The ability to self-service the infrastructure and services perfectly aligns with modern businesses’ agile software development needs. Instead of waiting for new servers to be set up in a private data center, you can use the self-service portal of the cloud vendor and build the system within minutes. Both the provisioning and removal of cloud infrastructure and services is accomplished through the same self-service portal. Cloud vendors take care of the security of the self-service console.
To keep a balance between the developer’s autonomy to build, deploy, and run the applications, cloud vendors provide a secure role-based access system so that you can authorize specific users to manage specific services.
Self-service also allows you to monitor the health of your cloud services along with any alert notifications you have set up upon these services. The lack of manual intervention eliminates the element of human error.
Cloud vendors keep adding new services to the system, and users can use the same self-service portal to use the newly added services.
#2 Rapid Elasticity and Scalability
A prominent feature of cloud computing is its elasticity and scalability. Scalability refers to an increase in the capacity to meet the increasing load; usually, this is static demand growth. Elasticity, on the other hand, is the automatic allocation of memory, CPU, and storage to meet rapid workload needs.
Consider a scenario where you expect extra workload on a Black Friday sale. With the click of a button, you can upgrade your virtual machines to handle the expected workload. Note that upgrading cloud based virtual machines do not cause any downtime. You can also add a new virtual machine in the pool of existing virtual machines so that the VM cluster can now handle the increased load with the addition of a new VM.
Most cloud vendors provide built-in elasticity in the services.
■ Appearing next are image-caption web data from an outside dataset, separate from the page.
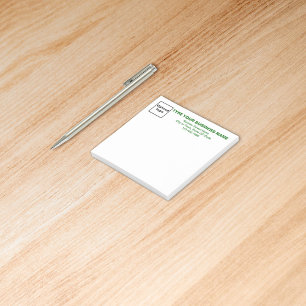 Post-it® Police d'entreprise verte Carré blanc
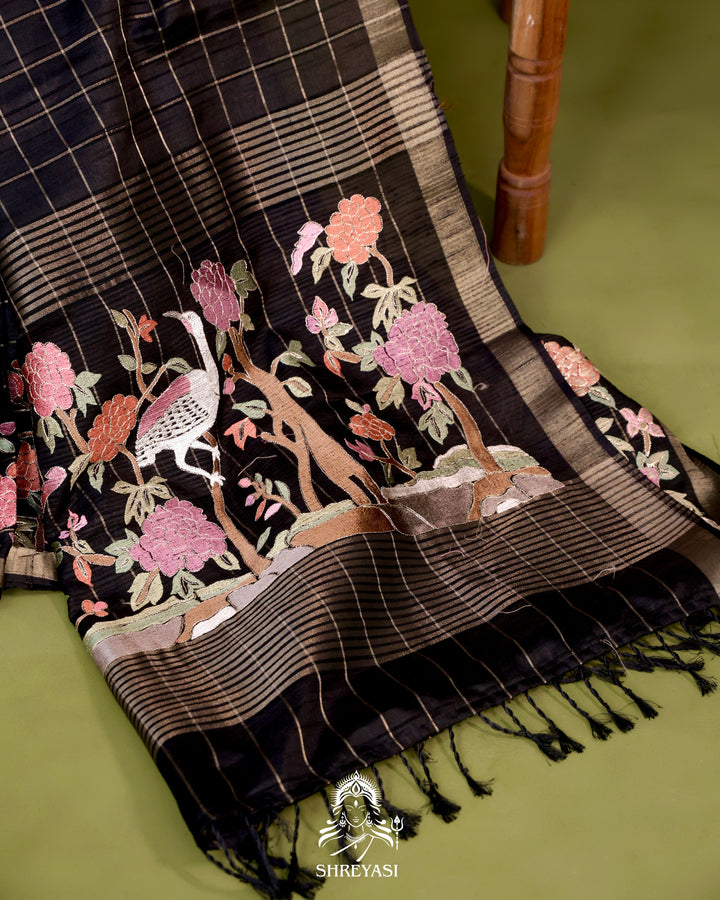 Pure Linen Tussar Silk Saree with Resham Embroidered Borders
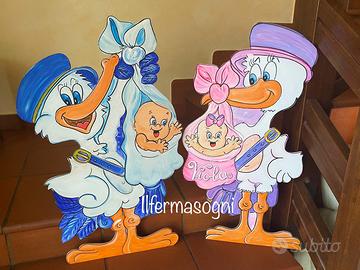 Cicogna gigante in legno fiocco nascita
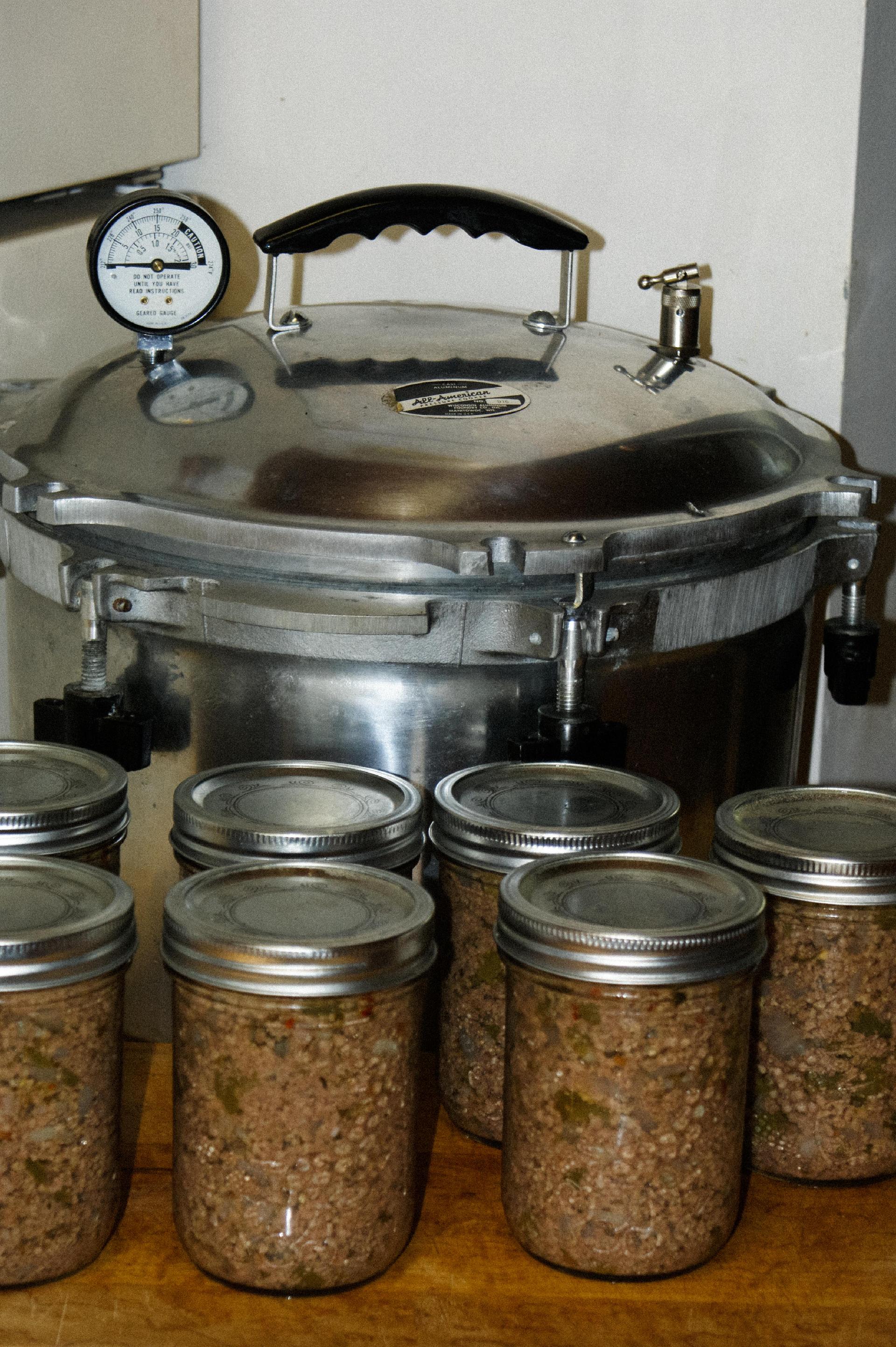 Canned ground venison straight out of the pressure canner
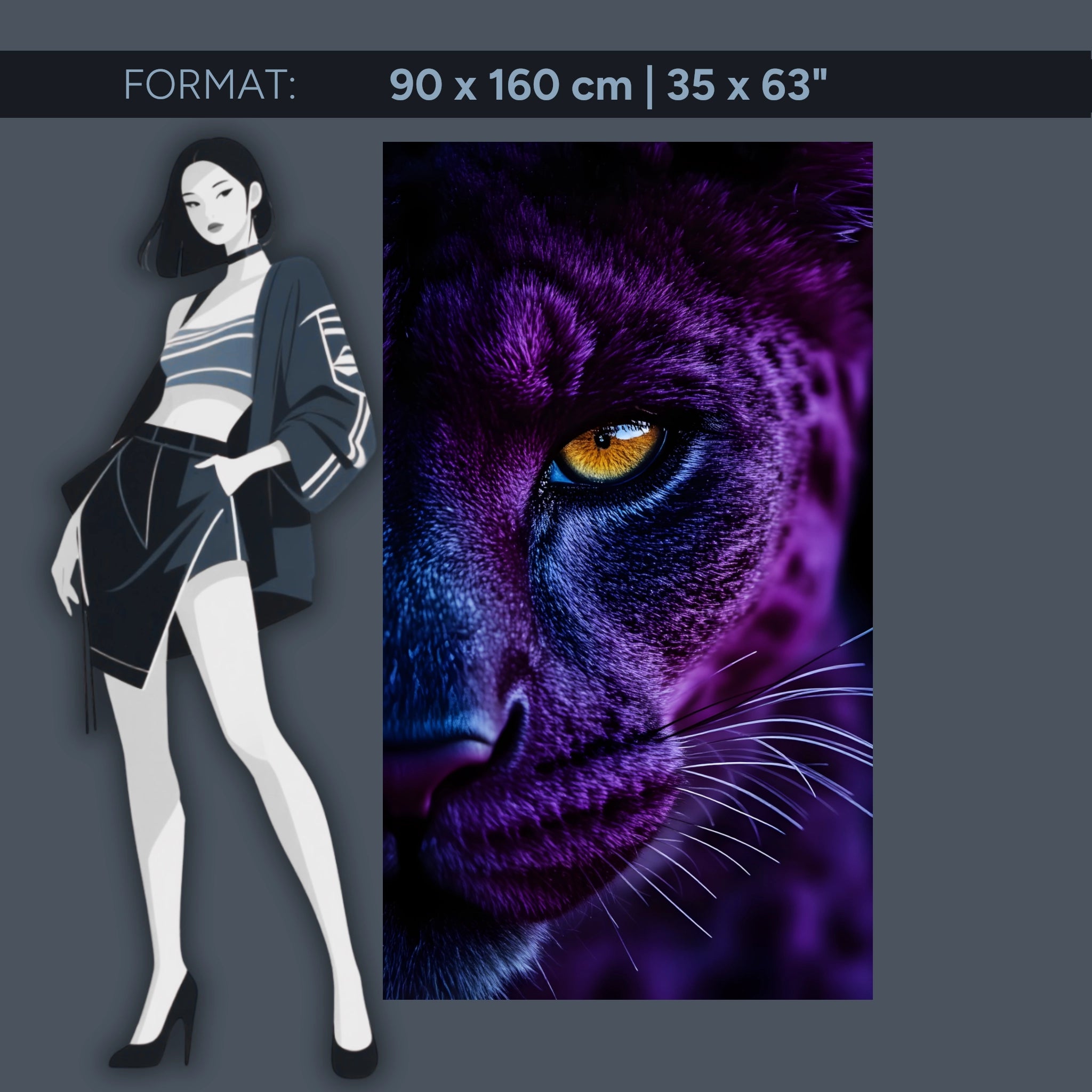 Tableau mural en acrylique représentant un grand félin mystique – Œil de panthère bleu violet – Portrait animalier puissant pour le salon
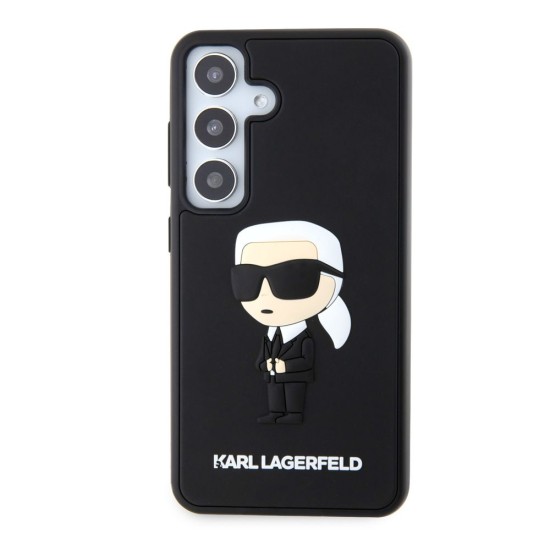 Husa Karl Lagerfeld 3D Rubber Ikonik pentru Samsung Galaxy S24, Neagra (Bakr, KLHCS24S3DRKINK) by www.silkase.ro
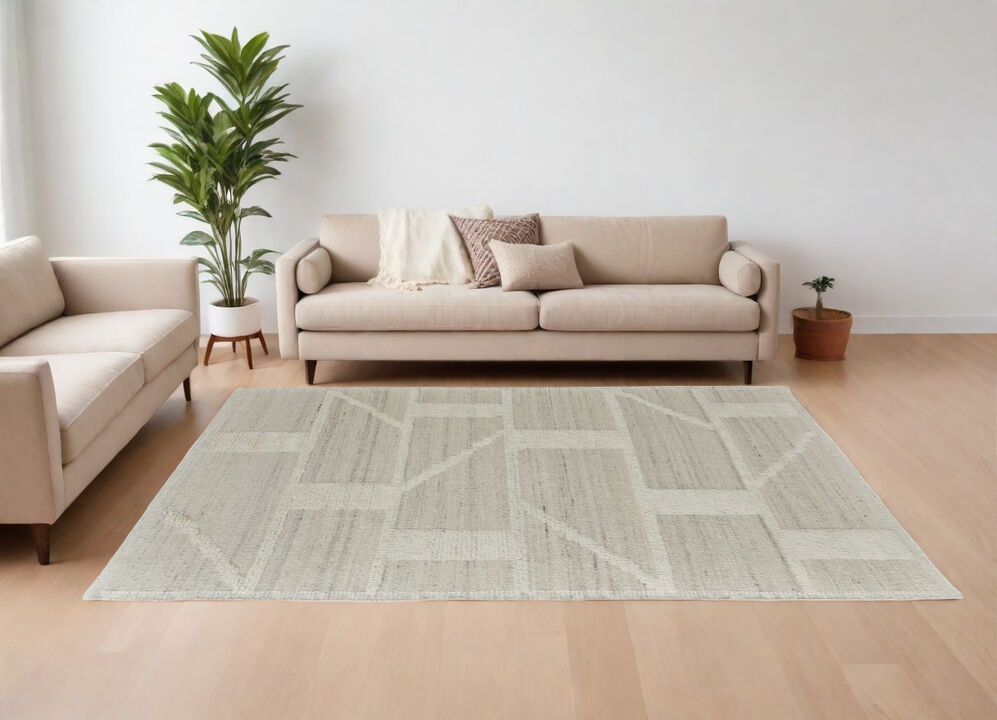 HomeRoots Wool Geometric Hand Woven Area Rug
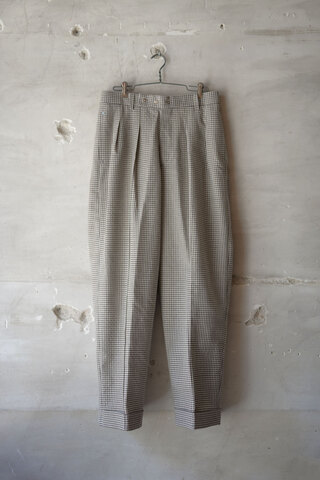 Omar Afridi / PRESSED TROUSERS BROWN GINGHAM CHECK (sold)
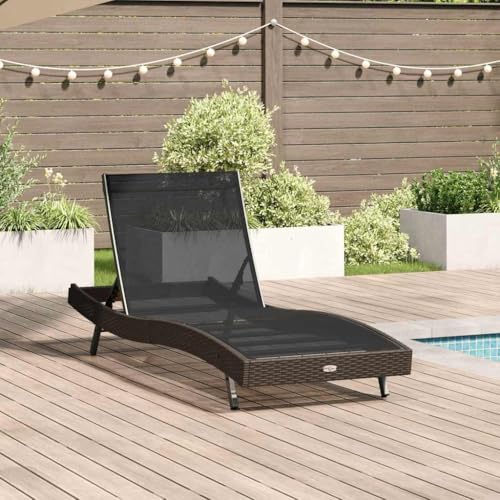 Holamys Braun Verstellbarer Liegestuhl für 1 Person, 197x70x82 cm, Poly Rattan, ideal zum Entspannen im Garten. von Holamys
That’s why the majority of AWS service names include the word “Elastic” as most of the AWS services have built-in elasticity. Referring back to the example of Black Friday sales, you can configure the dynamic scaling to your fleet of virtual machines. As soon as the load on the existing VM cross a certain threshold, the load balancer will automatically provision a new VM and will include it in the distribution of requests.
Elasticity is applied not only in the case of adding resources but removing resources as well. In the case of Black Friday sales, the system will monitor the load on the VM. As soon as the workload falls below a certain threshold (e.g., CPU below 40%), the elastic load balancer will remove the additional VM which was provisioned temporarily to handle the load. This is a landmark for cloud computing because that allows manufacturing companies to rapidly add or remove any cloud computing resources. The resources can be storage, computing, memory, networking, etc.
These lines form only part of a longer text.